Copy every entry exactly, but skip the pictures.

┏━━

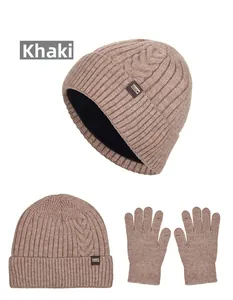 Detail view of khaki knitted winter hat and gloves set with warm thick fleece lining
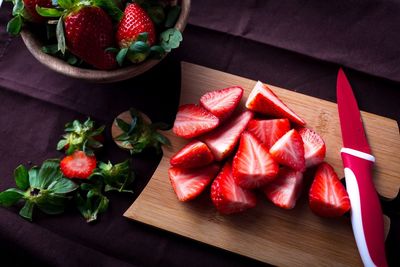 High angle view of strawberries on table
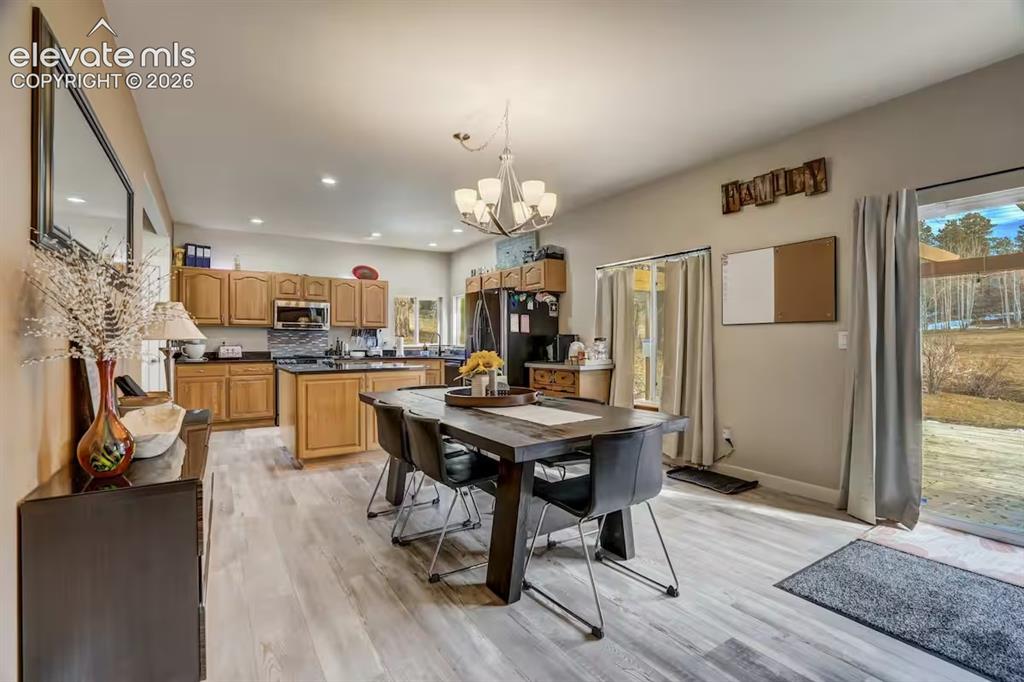 Image 13 of 45: Open-concept kitchen and dining area featuring wood-finish flooring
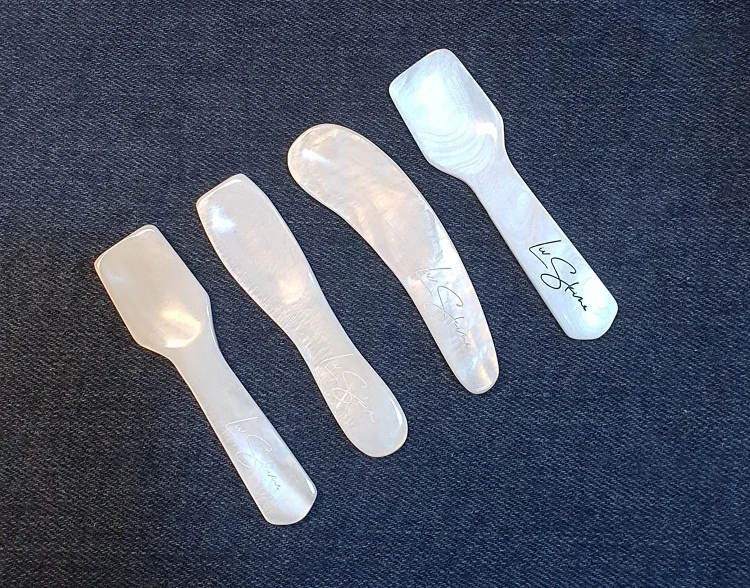 A collection of pretty little spoons made from white pearls for cosmetic use or  tasting caviar provided by Vietcrafts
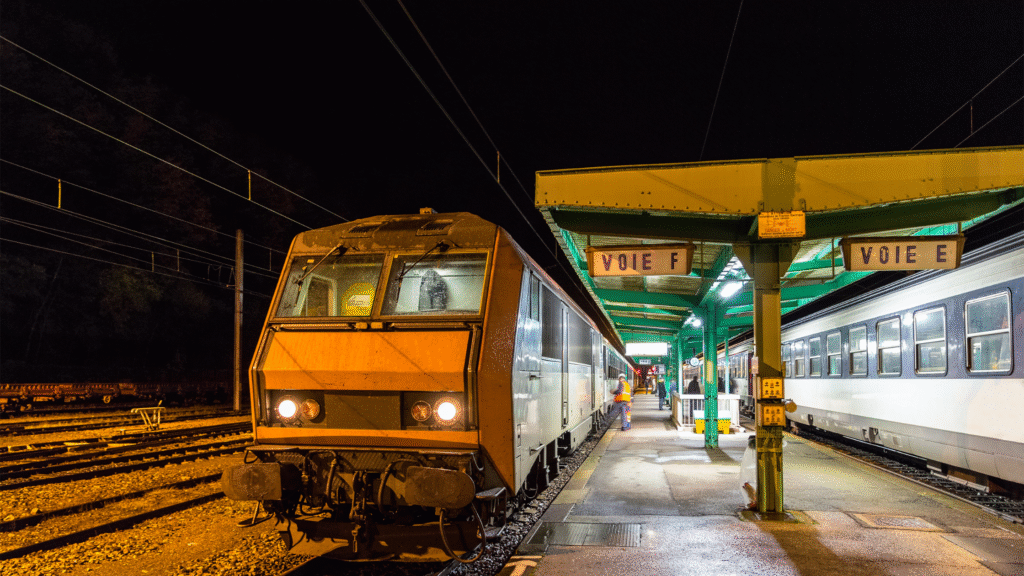night trains Europe 2025 sleeper train arriving at a European station at dawn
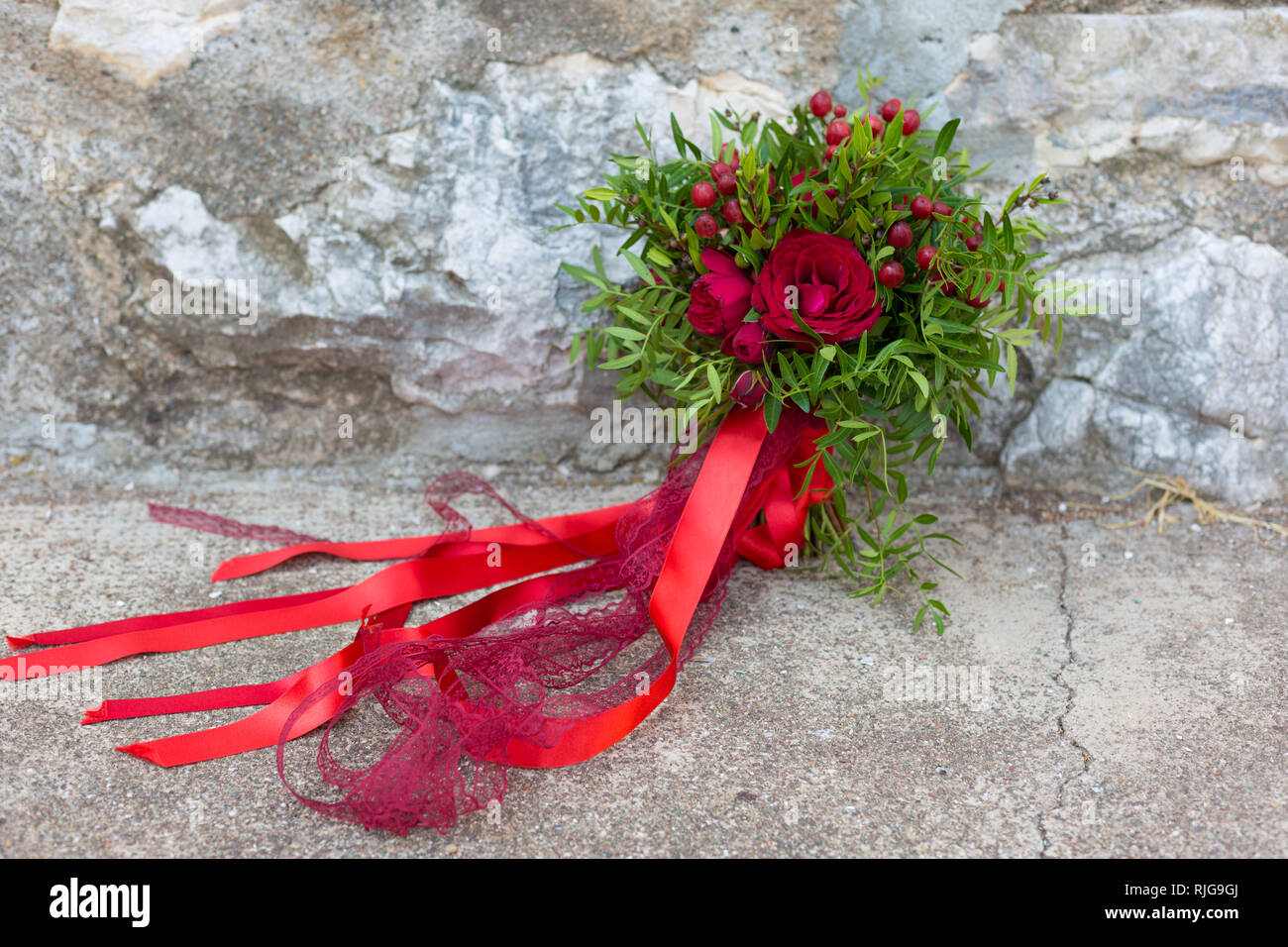 wedding bouquet of red roses, hypericum and pistache Stock Photo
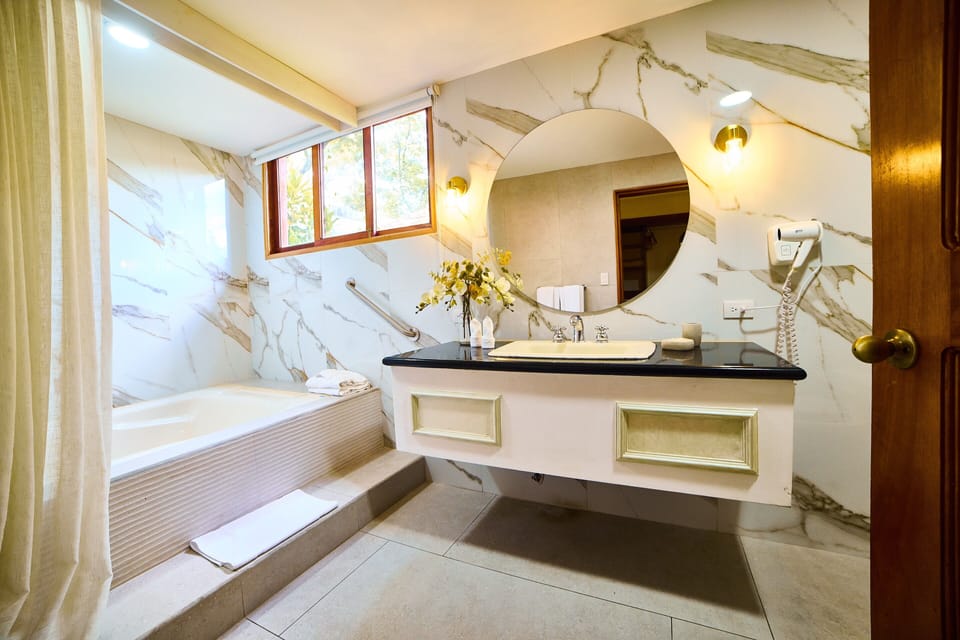 Suite, 1 King Bed | Bathroom | Hair dryer, towels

┗━━

**RESPONSE AREA**
 Detail view of khaki knitted winter hat and gloves set with warm thick fleece lining
 High angle view of strawberries on table
 Image 13 of 45: Open-concept kitchen and dining area featuring wood-finish flooring
 A collection of pretty little spoons made from white pearls for cosmetic use or  tasting caviar provided by Vietcrafts
night trains Europe 2025 sleeper train arriving at a European station at dawn
 wedding bouquet of red roses, hypericum and pistache Stock Photo
 Suite, 1 King Bed | Bathroom | Hair dryer, towels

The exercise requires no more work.